Wednesday, July 11, 2012

Ribs in Chile Seco

Memorial Day, 4th of July, summer is in full swing, and so is barbecue season. Burgers, steaks, ribs...well, here in Mexico, I might pass on the burgers and steaks, but I'll take some pork ribs in chile seco.

As I reviewed my blog history, I noticed that I had no pork, which is not an accurate reflection of Mexican cuisine, where pork head in pozole, pork cheek on tacos, and pork loin at Christmas are all so beloved, just to name a few. But, this dish is actually all about the sauce - a homemade, smoky sauce made from chiles secos (chipotles). Here, I cooked ribs in the sauce, but usually in my or my in-laws' house, it just gets stirred up with some mayonnaise and eaten with eggs, rice, sandwiches, etc.


Ingredients
15 chiles secos (dry chipotles)
1 cup chicken stock
1/4 onion
3 cloves of garlic
salt and pepper to taste
oil for frying

1 kg. (2 lbs.) pork ribs
salt and pepper
oil for frying

Directions

1 - Heat about three tablespoons of oil in a saute pan over a low flame and fry the chiles secos for about 3 minutes.
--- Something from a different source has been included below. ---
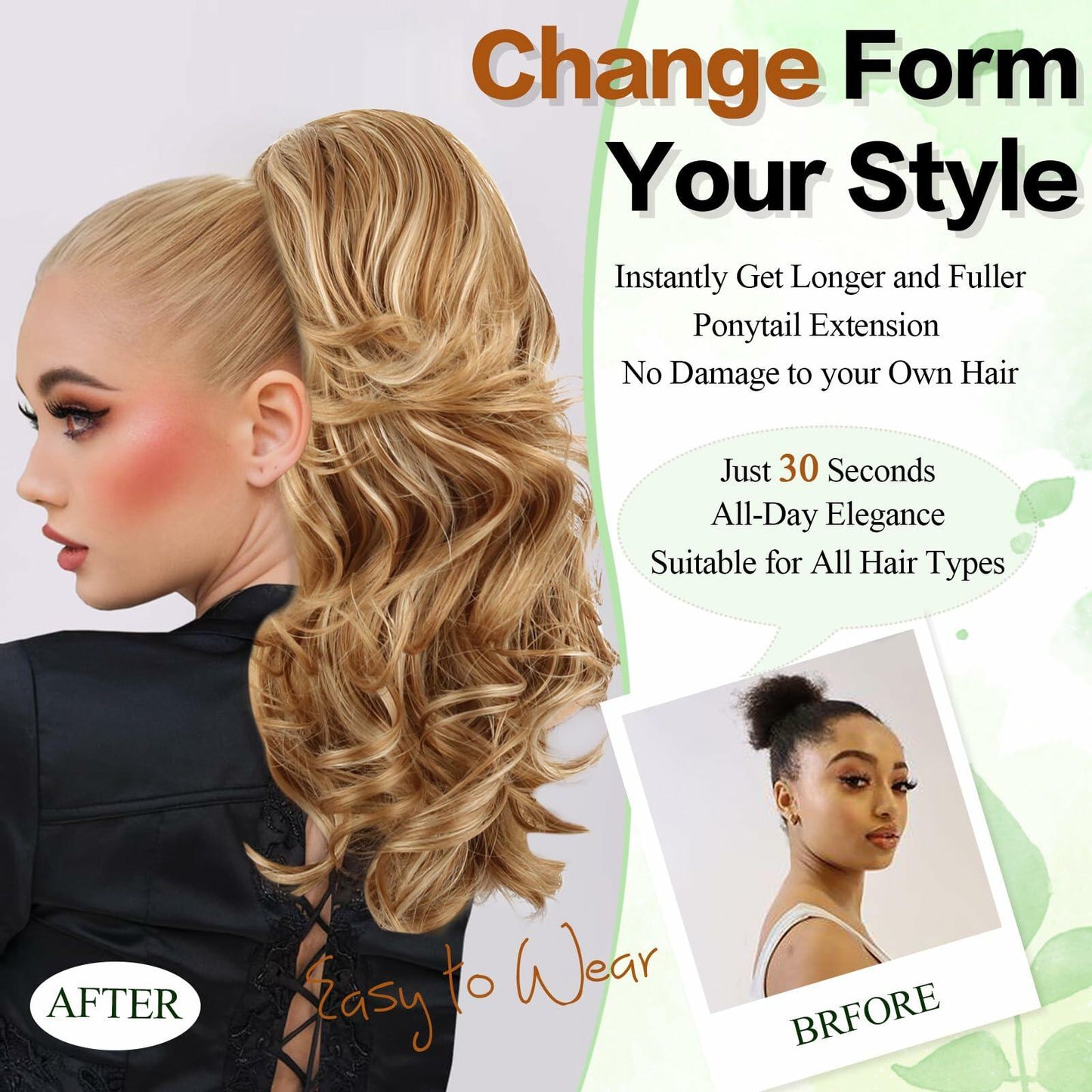 Mayouda 18in Long Curly Wavy Drawstring Ponytail Extension Light Blonde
2 - Remove the chiles secos and put them in a bowl with the chicken stock for about 10 minutes (to soften them up).

3 - Put the chiles secos and chicken stock, onion, garlic, pepper and salt in a blender and blend until only slightly chunky. Set aside.

4 - Salt and pepper the ribs.

5 - Heat some oil in a saute pan again over a medium flame and fry the ribs, about 3 minutes on each side.

6 - Add the chile seco salsa, and turn down the heat. Simmer until the salsa's liquids evaporate and the salsa takes on a bit of a pasty texture.

7 - Serve with spaghetti (boiled with quartered onions and fried in margarine...it's how they do it down here, it's authentic!) or rice.